SPEAKING & LISTENING
I’ve been making a conscious effort to do more speaking activities in all of my classes. First of all, the curriculum demands it, but secondly, and even more importantly, I know that speaking is a powerful tool for thinking. When I need to figure something out, I need to talk about it. So do my students.
We started Mockingbird this week, and as with most things I give kids to read, I never give them chapter questions; instead, they meet in groups after reading a section of the novel and discuss what they think is important, not what I guide them to think. They had their first discussion today and it was, I believe, the best one I’ve observed in a long time. And there’s a reason for that.
SPEAKING & PRE-READING
Yesterday, we started with discussion stations. I had created a pile of task cards, grouped in a variety of categories, that had them thinking about issues in the book. Categories included: What would you do, Make a case for and against, Would you rather? Explain and Describe. Students moved in groups of five around the stations, selecting a card from the stack at each station. Each of them had to complete the speaking task on the card. They had animated discussions and got into some of the really important concepts from the novel, like Is it OK to read books with the N-word? Or What does courage mean to you?
Then, today we had our first group discussion about the novel. They were to have read the first four chapters and met to discuss what they believed to be important. I’ve done this many times before, but this time I was hearing them bring in some of the ideas that we had discussed yesterday. For example, instead of just discussing the rumors around Boo Radley, they were tying it in with the fear of the unknown.
After we had our full-class discussion, I asked them about this: Did the ideas you discussed yesterday influence what you talked about today? Twenty-six heads nodded, and several commented that the chats helped focus their discussion because those concepts were fresh in their minds.
Previously, I would begin my TKAM unit with some quick-writes, ones that focused on some of the ideas I had on the task cards. But you can only do so many quick-writes, so only a few of the concepts get explored.
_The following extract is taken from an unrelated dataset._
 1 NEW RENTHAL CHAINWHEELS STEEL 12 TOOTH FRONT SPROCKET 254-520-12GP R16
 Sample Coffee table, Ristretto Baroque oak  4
The discussion stations allowed students to explore multiple topics — and practice their speaking and listening skills.
The cards are available in my TpT store, but you can make up your own as well. Just brainstorm the important ideas and concepts that are part of the text students are reading, then group them using the categories I listed above – or your own. I had many options for each one, but as long as you have four – six for each station, then each student in each group can speak to a different topic.
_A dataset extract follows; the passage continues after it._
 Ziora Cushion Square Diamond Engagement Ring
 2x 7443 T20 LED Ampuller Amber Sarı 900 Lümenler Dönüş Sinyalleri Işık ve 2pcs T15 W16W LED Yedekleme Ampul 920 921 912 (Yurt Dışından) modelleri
At the beginning of each rotation, I gave them a minute to select a card and gather their thoughts. Then, each student had two minutes to speak to their topic. This took approximately ten minutes per rotation. We have seventy-five minutes together, so there was time at the end of the class to continue any discussion they found interesting.
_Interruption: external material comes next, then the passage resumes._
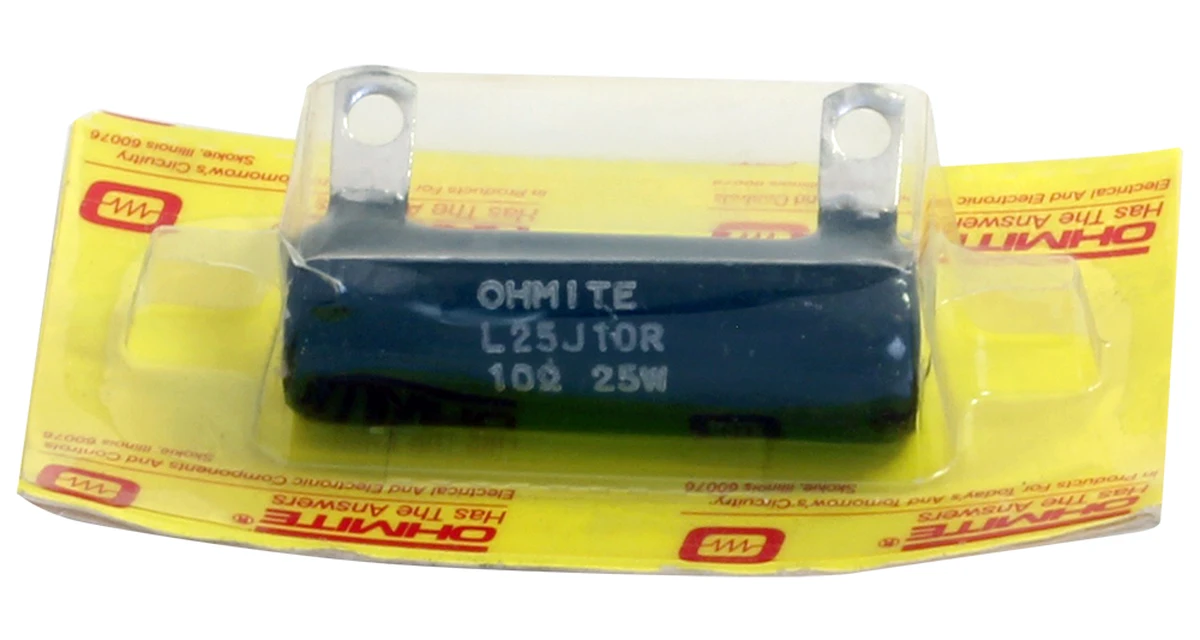 10 ohm − 25w Wire Wound Resistor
I’m currently working on a set of discussion cards for Macbeth. Let me know if you’d like to see some speaking activities for other texts!
Rike Neville says
I do something very similar to this! It's so much fun, and I get so much from listening to their discussions. By the end of the book, they know it SO well! Last week, we watched the movie "That Was Then, This Is Now", and they could pinpoint every deviation, debate whether the ending had a stronger impact in the book or the movie, which had the characters making the same decisions they would have, etc. They KNEW the book inside and out because of the discussions they had throughout the read-aloud.
Room 213 says
It sure is wonderful when we get them thinking and connecting!
Coleen Casey says
I would love to see some speaking activities for any of the following texts: A Lesson Before Dying, Julius Caesar, Romeo & Juliet, Thirteen Reasons Why, The Pearl, The Odyssey, Oedipus.